But the point of this posting is the terrible events currently occurring in Ukraine. We “cut the cord” a few months ago and no longer get broadcast TV. It works very well for us (and my wallet), but sometimes I miss the current news and sadly the Canadian news outlets (CBC – looking at you) have largely moved on and barely mention the continuing atrocities being meted out on a sovereign European state. There’s lots of ice hockey being broadcast though – got to get one’s priorities right!

But then we discovered DW (Deutsche Welle) on our Roku, and hit pay-dirt. DW is a German government funded news outlet, but it doesn’t broadcast within Germany. They offer many foreign language programmes, and our particular interest is that they do a daily 25 minute precis of the world’s news in English. It’s produced in Berlin and is Europe-centric though with a global reach. It’s similar in style to the BBC, but unlike the BBC is readily available without fees from here in Canada via our lovely Roku. Their web site even offers German language courses for free.

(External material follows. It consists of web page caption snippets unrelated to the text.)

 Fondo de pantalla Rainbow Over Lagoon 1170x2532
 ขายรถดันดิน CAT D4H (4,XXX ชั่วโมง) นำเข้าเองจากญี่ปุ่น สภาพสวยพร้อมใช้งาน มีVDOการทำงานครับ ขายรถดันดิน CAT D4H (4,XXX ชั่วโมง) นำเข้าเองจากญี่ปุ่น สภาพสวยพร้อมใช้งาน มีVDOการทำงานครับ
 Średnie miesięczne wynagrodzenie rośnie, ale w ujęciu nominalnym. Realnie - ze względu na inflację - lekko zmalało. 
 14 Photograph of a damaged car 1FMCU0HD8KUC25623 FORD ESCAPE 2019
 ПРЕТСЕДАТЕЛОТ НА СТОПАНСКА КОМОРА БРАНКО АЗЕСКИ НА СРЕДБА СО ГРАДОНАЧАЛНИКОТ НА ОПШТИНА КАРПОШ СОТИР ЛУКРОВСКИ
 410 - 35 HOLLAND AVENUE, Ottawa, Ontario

And the polyglots? Ah – that is the real point of my posting. Here is a German government-funded news outlet, typically hosted by American or occasionally English talking heads interviewing people from all over the world (currently about Ukraine and EU politics, gas pipelines, etc.) in English. And these interviewees all speak flawless English, frequently with complex idioms and quirky turns of phrase illustrating complete comfort with the language. Some are professional journalists or national politicians who no doubt often present in English, but others are academics, analysts or simply people impacted by the events being discussed.

I realise they would only invite people with good English skills, given the medium, but I am humbled by the number of languages many people have at their command. It is so sad that many English-speakers don’t see the need or attraction in learning other languages. There is a theory that THINKING in another language can open you up to new ideas, as your brain strings thoughts together in a slightly different way. Intriguing concept.

I am far too impatient to formally learn another language (a common excuse I’m sure), but I am grateful for the basic command I have of French and German, and am totally open to carrying around a phrase book and stumbling my way through interactions in foreign countries rather than simply “talking louder in English” until I get what I want. Saying thank-you isn’t much, but whenever I go somewhere new, it is the first thing I acquire – before even leaving the airport.

So, with that said, I’m off to see what Brent Goff has to tell me tonight, and no doubt be humbled once more by someone speaking better English than me with a slight accent.